En 2012 le cinéma français comptait déjà plusieurs vrais succès : La vérité si je mens 3, Les infidèles, Cloclo, Le Marsupilami, Le prénom, De rouille et d'os, Un bonheur n'arrive jamais seul, Mince alors ou encore Les kaïras un peu plus tard ; déjà une bonne partie des plus gros succès de l'année. On commence à se rendre compte de l'étendu des dégats... d'autant plus qu'on ne sait encore trop quoi attendre des 5 prochains et derniers mois ? Jeune et jolie devrait attirer du monde vu le sujet sulfureux ; sinon ce sera 8 mois de cata. Eyjafjallajökull de Boon devrait s'en tirer avec le minimum vital.
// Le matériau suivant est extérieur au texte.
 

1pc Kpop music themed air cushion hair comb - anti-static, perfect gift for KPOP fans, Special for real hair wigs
La vie d'Adèle et ses 3 heures ? Le prochain Jeunet, chèrement budgété et après le flop de Micmac, ou le nouveau Besson, tout aussi richement doté ? Le coeur des hommes 3 ? Casse-tête chinois ? Une surprise ? Pas très optimiste tout ça... Il est vrai que le bide de Astérix & Obélix 4 fut le déclencheur, que les budgets, ayant très sensiblement augmentés en 2013, ne peuvent qu'être délicats à rembourser.
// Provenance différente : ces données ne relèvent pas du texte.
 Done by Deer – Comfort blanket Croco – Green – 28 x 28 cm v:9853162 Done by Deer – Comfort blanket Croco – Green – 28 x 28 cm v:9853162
Mais les américains dans tout ça ? Et bien autant en 2012 qu'en 2013 il avaient 2 films au-delà des 4 millions, des succès cartoonesques, mais cette année il semblent aligner plus de succès par delà les 2 millions (6 contre 5 en 2012) ; 19 films étaient millonnaire à la mi juillet contre 17 cette année. Bref : oui, merci, ça va.
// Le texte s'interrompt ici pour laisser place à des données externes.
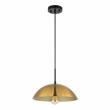 Safavieh Jorden Iron 14 Inch Pendant in Brass / Black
Alors : est-ce vraiment dû à l'effet Maraval ou les causes sont-elles à trouver ailleurs ? Et si la véritable raison de cette débâcle étaient tout simplement liée à la qualité douteuse des films qui nous sont proposés, hein ? Les gens n'ont plus de fric à jeter par les fenêtres, alors pourquoi en claquer au ciné quand il suffit d'attendre la diffusion télé (je n'ai pas parlé de téléch...) ? L'envie de voir, voir avant tout le monde, se crée par le buzz ; et las de perdre de l'argent pour mater des navets, le français moyen est méfiant. Les producteurs nous offrent tout simplement des films que l'ont n'a pas envie de voir !!! Stop les comédies meanstream avec toujours le même panel d'acteurs qui ne nous font plus rire (Kad Merad...), stop les films lancés sans que personne ne soit vraiment au courant (réduire les coûts de production et augmenter les coûts marketing, occuper la place et générer l'envie comme le font si bien les ricains), stop les films qui pêchent par manque d'ambition, restent horriblement frileux et se font écraser au petit jeu des comparaisons d'avec leurs homologues US, stop les budgets monstrueux mais surtout injustifiés, à la fois en terme de rentabilité, de résultat à l'écran et du rôle des comédiens (Boon ne porte pas Astérix 4 sur ses modestes épaules) ; développons l'intéressement aux recettes : tu fais des entrées, tu gagnes le jackpot puisque c'est mérité. Et bonjour la diversité, tout en restant meanstream pour attiré le badaud (trop de comédies et de com rom en 2013), bonjour l'aide non pas financière mais l'aide des distributeurs à faire connaître les petits films qui crèvent la gueule ouverte alors qu'il méritent amplement mieux. Bonjour les scénaristes justement rémunérés et, donc, un minimum motivés dans leur créativité, voir libérés.

Mais quel est donc l'avenir du cinéma français ? Simple : si le prochain Boon se rétame, c'est vraiment la fin des haricots ! Si l'ultime tome de la trilogie de Klapisch se vautre, c'est que le ciné frenchie part en sucette... Il faudra sans doute attendre de voir comment se déroulera l'année 2014 dans les salles française avant de tirer une bonne fois pour toute la sonnette d'alarme car Maraval a lancé sa tribune en décembre et il me semble encore bien trop tôt pour conclure... mais cette année le cinéma gaulois est en deuil et il faudra être fort durant les 3-4 derniers mois où les dernières grosses sorties arrivent. May the Force be with us (and not US).